Les entreprises publiques ne peuvent être des
entreprises de plein exercice qu'à condition de disposer d'un conseil
d'administration qui fonctionne dans des conditions aussi proches que possible
du droit des sociétés... La notion d'établissement public
à caractère industriel et commercial (EPIC) n'a en effet pas
grand sens pour une entreprise commerciale. Leur transformation en
société anonyme permettrait en revanche
d'associer de manière souple d'autres investisseurs publics ou
privés à leur développement et d'aligner la
responsabilité personnelle des administrateurs sur le droit commun des
sociétés. (BARBIER de LA SERRE et al. , 2003, p.13)

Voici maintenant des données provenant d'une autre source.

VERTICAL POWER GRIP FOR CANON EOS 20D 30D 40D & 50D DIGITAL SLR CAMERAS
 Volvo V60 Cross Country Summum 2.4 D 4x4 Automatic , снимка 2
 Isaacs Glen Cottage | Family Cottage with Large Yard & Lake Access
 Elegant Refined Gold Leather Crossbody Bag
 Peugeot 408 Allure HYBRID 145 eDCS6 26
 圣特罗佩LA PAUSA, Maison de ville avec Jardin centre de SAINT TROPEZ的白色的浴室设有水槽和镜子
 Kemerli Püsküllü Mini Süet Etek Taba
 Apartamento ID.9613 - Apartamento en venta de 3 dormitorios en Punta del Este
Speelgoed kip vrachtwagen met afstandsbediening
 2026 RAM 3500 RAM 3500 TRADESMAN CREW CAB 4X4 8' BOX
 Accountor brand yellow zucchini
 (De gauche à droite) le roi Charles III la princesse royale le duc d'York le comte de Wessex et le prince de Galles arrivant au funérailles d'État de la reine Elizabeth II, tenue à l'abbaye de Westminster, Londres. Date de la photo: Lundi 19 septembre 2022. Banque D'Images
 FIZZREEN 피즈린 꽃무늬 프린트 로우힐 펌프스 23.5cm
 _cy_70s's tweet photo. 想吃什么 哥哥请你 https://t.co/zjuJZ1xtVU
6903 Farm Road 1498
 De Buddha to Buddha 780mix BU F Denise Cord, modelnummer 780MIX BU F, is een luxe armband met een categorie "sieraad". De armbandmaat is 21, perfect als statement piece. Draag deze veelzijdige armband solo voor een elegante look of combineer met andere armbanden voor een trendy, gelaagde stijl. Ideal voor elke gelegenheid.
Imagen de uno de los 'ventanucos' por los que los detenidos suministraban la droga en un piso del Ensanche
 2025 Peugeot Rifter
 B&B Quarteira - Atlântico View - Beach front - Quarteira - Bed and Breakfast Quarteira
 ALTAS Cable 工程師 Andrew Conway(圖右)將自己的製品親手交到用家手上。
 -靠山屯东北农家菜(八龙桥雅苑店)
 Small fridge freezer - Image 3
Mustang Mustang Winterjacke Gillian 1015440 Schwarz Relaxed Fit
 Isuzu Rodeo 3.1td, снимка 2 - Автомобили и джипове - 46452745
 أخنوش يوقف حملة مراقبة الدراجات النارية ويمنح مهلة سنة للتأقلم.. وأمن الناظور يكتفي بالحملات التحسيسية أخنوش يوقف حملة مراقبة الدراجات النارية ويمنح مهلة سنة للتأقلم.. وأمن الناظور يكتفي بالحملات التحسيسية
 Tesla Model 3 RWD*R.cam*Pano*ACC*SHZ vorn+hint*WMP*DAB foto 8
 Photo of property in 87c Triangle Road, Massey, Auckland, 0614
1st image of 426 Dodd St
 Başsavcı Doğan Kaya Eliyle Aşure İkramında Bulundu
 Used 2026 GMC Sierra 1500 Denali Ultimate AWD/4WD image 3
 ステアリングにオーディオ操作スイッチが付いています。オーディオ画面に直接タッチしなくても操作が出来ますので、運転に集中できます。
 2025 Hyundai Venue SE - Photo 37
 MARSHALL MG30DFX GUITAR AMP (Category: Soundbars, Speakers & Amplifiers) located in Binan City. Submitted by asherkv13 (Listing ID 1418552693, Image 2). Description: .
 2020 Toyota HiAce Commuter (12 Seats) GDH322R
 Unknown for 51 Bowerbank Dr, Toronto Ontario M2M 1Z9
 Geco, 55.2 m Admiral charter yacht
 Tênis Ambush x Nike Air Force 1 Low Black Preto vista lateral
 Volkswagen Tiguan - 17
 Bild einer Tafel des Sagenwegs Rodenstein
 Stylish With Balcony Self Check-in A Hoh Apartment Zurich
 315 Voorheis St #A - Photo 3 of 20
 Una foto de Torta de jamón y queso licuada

BARBIER de LA SERRE et al. (2003) poursuit : il doit
être clair que la responsabilité de la gestion de l'entreprise
relève exclusivement de ses dirigeants sous le contrôle de son
conseil d'administration.
Il faut, pour finir, noter les lignes directrices de l'OCDE
visant à instaurer des règles équitables pour les
entreprises publiques et privées se trouvant en concurrence :
- une séparation claire du rôle d'actionnaire de
l'Etat et de ses fonctions de réglementation ;
- une plus grande flexibilité dans les structures de
capital, en même temps qu'un accès à des conditions
équitables au financement ;
- une simplification de la chaîne de
responsabilité au moyen d'une coordination plus efficace de la fonction
actionnariale au sein de l'administration publique ;
- la réduction des ingérences politiques dans la
gestion au jour le jour des entreprises ;
- l'introduction d'un processus transparent de nomination des
administrateurs, sur la base de leurs compétences et de leur
qualification ;
- une définition précise du mandat des conseils
d'administration et le respect de leur indépendance ;
- une séparation des fonctions de président et
de directeur général et l'attribution aux conseils
d'administration du pouvoir de nommer les directeurs généraux
;
- un suivi systématique des performances du conseil
d'administration ;
- une amélioration de la transparence par le renforcement
des dispositifs de contrôle interne ;
- la réalisation d'audits externes indépendants
s'appuyant sur les normes internationales ;
- la divulgation des aides financières de l'Etat ;
- la production de rapports agrégés sur les
performances des entreprises publiques.